BRASÍLIA, DF – O presidente Lula (PT) elogiou, em seu discurso na abertura dos trabalhos do Judiciário de 2026, operações que visam desmantelar as estruturas de financiamento do crime organizado, referindo-se ao “andar de cima” da criminalidade.
Durante sua fala, Lula destacou a operação Carbono Oculto, que resultou na identificação de mandantes do crime organizado, afirmando que esses “magnatas do crime” não estão nas comunidades, mas sim em endereços de prestígio no Brasil e no exterior.
A operação investigou crimes financeiros e lavagem de dinheiro associados à facção PCC (Primeiro Comando da Capital), além de envolvimentos com gestoras da Faria Lima e o setor de combustíveis.
O discurso do presidente ocorreu em um momento de retomada dos julgamentos no STF, após o recesso de final de ano, e foi escolhido em meio a tensões internas na corte ligadas ao escândalo do Banco Master, que está sob a relatoria do ministro Dias Toffoli. No ano anterior, Lula não fez uso da palavra na abertura do Judiciário.
As investigações em torno do caso revelaram laços entre o magistrado e um dos advogados envolvidos, levantando dúvidas sobre sua imparcialidade. Toffoli foi visto viajando de jatinho com esse advogado, e seus irmãos estão vinculados a um fundo de investimentos relacionado à instituição financeira em questão. O presidente do STF já indicou que a investigação deve ser transferida para fora da corte.
Lula expressou sua preocupação com as fraudes do Banco Master, reunindo, no Palácio do Planalto, autoridades relevantes para discutir o assunto. Participaram do encontro o ministro Alexandre de Moraes, o diretor da Receita, Robinson Barreirinhas, e o presidente do Banco Central, Gabriel Galípolo.

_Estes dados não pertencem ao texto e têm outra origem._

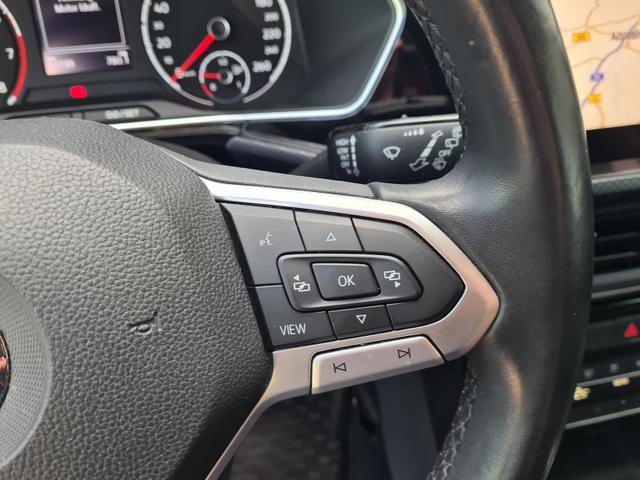Volkswagen T-Cross UNITED 1.0 TSI Navi ACC Voll-LED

Após a reunião, o presidente classificou as investigações como um marco histórico para o país e reafirmou que o Estado brasileiro está determinado a vencer o crime organizado, durante a posse de seu novo ministro da Justiça, Wellington Lima e Silva.

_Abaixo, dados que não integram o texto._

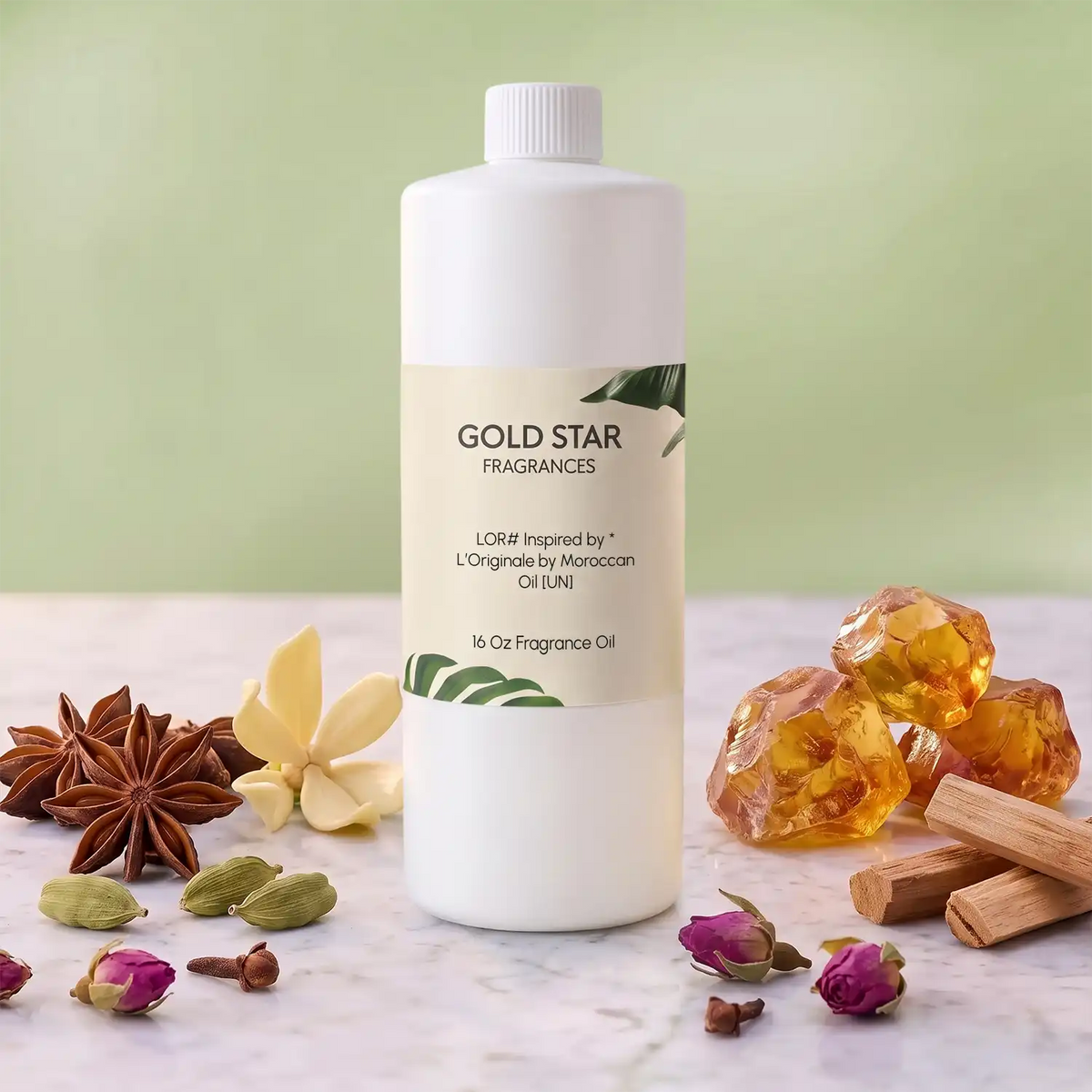 LOR# Inspired by * L'Originale by Moroccan Oil [UN]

O presidente também manifestou descontentamento com a conduta de Toffoli na relatoria do caso, sinalizando a aliados que não pretende defendê-lo.
No discurso, Lula abordou a questão do feminicídio, mencionando o Pacto Brasil de Enfrentamento ao Feminicídio, que será formalizado entre os três Poderes. O tema do combate à violência contra a mulher tem sido cada vez mais frequente nas falas do presidente, especialmente após eventos recentes que geraram ampla repercussão.
Ele enfatizou que “assassinos e agressores devem ser punidos com todo o rigor da lei”, mas também destacou a importância da educação e da conscientização dos homens sobre a inaceitabilidade de qualquer forma de violência contra mulheres.
O presidente ressaltou que o pacto deve envolver não apenas as instituições, mas toda a sociedade brasileira, com um foco especial na participação dos homens.
Lula também reiterou sua defesa pela democracia, fazendo referência aos ataques de 8 de janeiro de 2023. Ele afirmou que a democracia deve ser construída por meio de eleições livres e protegida por instituições que garantam sua integridade.
Por fim, o presidente alertou que a condenação dos golpistas serve como um aviso claro de que qualquer tentativa futura de ruptura democrática será severamente punida.